- Task to complete
Transcribe word for word each line from the one containing "画像: DICK DALE" to the final line of the data, both included. Skip the pictures.
** Opening Provided entries block **
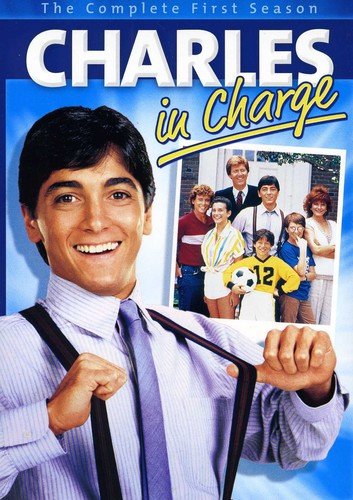 CHARLES IN CHARGE: THE COMPLETE FIRST SEASON (SOUS-TITRES FRANAIS) [IMPORT]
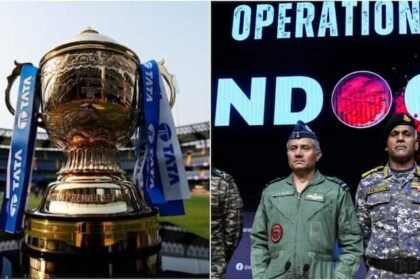 Let’s not talk much but IPL 2025 closing ceremony was named after Operation Sindoor Kapil Dev gave a big statement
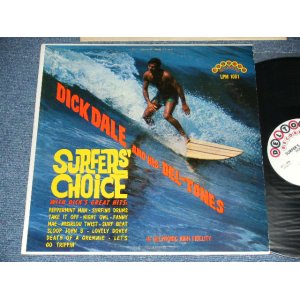 画像: DICK DALE & HIS DEL-TONES - SURFERS' CHOICE ( MINT-/MINT- )  / 1962 US AMERICA ORIGINAL MONO Used LP 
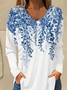 Loose Casual Blouse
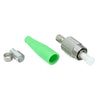 Fiber Optics Connector FC/APC Simplex Single Mode (10 Pack) / TAA Compliant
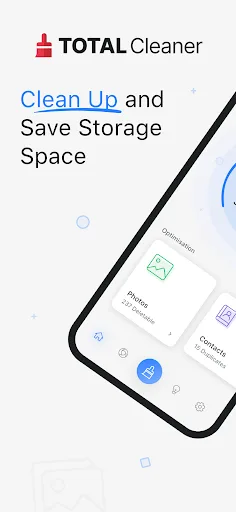 Total Cleaner - Device cleaner screenshot 1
** Closing Provided entries block **
- Output of the exercise
 画像: DICK DALE & HIS DEL-TONES - SURFERS' CHOICE ( MINT-/MINT- )  / 1962 US AMERICA ORIGINAL MONO Used LP 
 Loose Casual Blouse
 Fiber Optics Connector FC/APC Simplex Single Mode (10 Pack) / TAA Compliant
 Total Cleaner - Device cleaner screenshot 1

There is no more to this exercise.